Vencer acalma o meu espírito, manda embora o temor que eu sinto de não fazer direito o que eu sei fazer dentro de um campo de futebol e decepcionar as pessoas. Então, eu jogo uma água na cara e vamo que vamo: “Bora! Bora, que eu defendo o time do coração de pelo menos 40 milhões de pessoas e não quero decepcionar nenhuma delas”.

Eu assumi esse compromisso comigo e com o Flamengo assim que desembarquei no Rio, em 2017, e vi aquela multidão vestindo vermelho e preto e gritando meu nome no aeroporto.

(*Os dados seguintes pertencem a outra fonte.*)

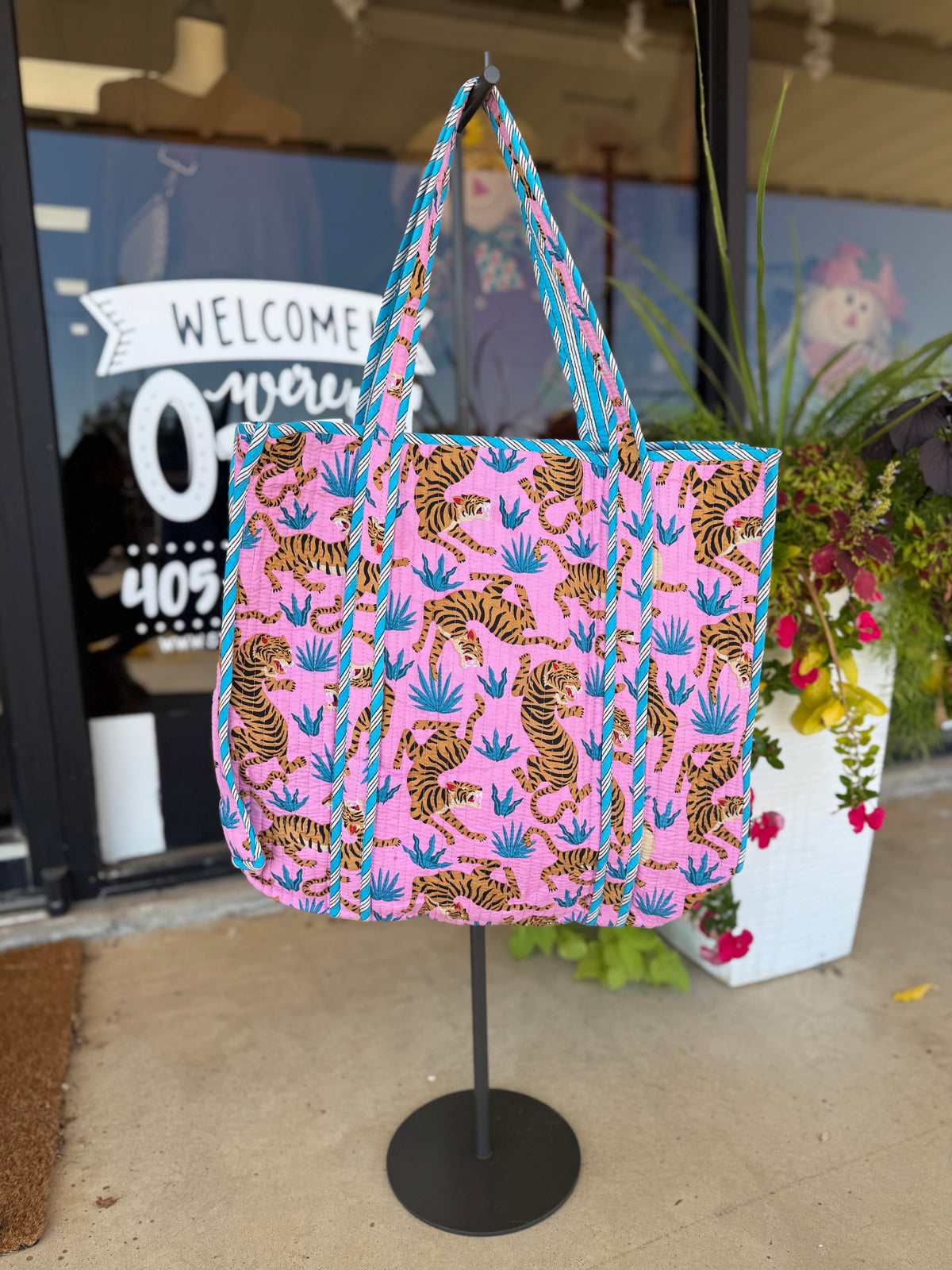 QUILTED TOTE BAG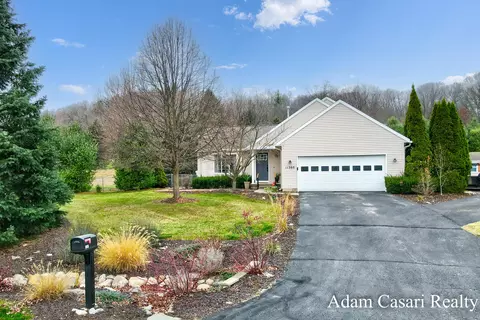 11360 Foreman Farms Ct, Lowell, MI 49331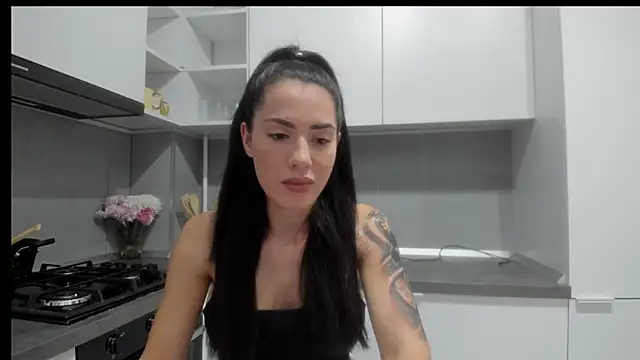 Snapshot of Emmapmg chatting on 11/19/25, 10:54 Emmapmg online show from 11/19/25, 10:54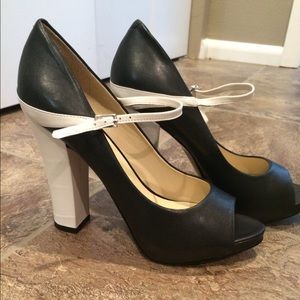 New Nine West heels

Por ter jogado contra e ter visto do que eles eram capazes, eu achava que sabia tudo sobre esses malucos. Que nada. Foi só naquele saguão em festa, quando os caras fizeram eu me sentir parte da Nação, eu, um recém-chegado!, foi ali que eu entendi por que todo jogador brasileiro sonha em jogar no Flamengo um dia.

Alguns não vão admitir, tudo bem, mas que sonham, sonham. É mais forte que a gente. Eu, por exemplo, estava sossegado em Dubai. Morava na beira da praia, vinha jogando bem num dos times mais tradicionais de lá, vencendo jogos do campeonato e com um contrato de quatro anos para cumprir. Essa equação, pra mim, era o ideal de tranquilidade. Por que eu mudaria?

Porque era o Flamengo me chamando, pô! Se entrou o Mengão na equação, o resultado vai ser outro, não tem jeito.

Quando os primeiros rumores da negociação apareceram, a galera foi nas minhas redes sociais perguntar se era verdade e pedir pra eu vir. Eu nunca tinha passado por isso, de torcedor me pedir pra jogar no clube dele. A torcida estava muito empolgada. Aí a Marília, minha esposa, postou uma foto de um corvo no céu e o pessoal achou que fosse um urubu, um sinal.

Não era. Mas acabou sendo. Porque, conforme o tempo passava, eu sentia como se fosse um chamado, uma força que até hoje não consigo explicar, mas que estava lá.

Parecia uma onda me puxando e prometendo as conquistas mais grandiosas da minha carreira. Como ignorar isso? Eu simplesmente precisava vir.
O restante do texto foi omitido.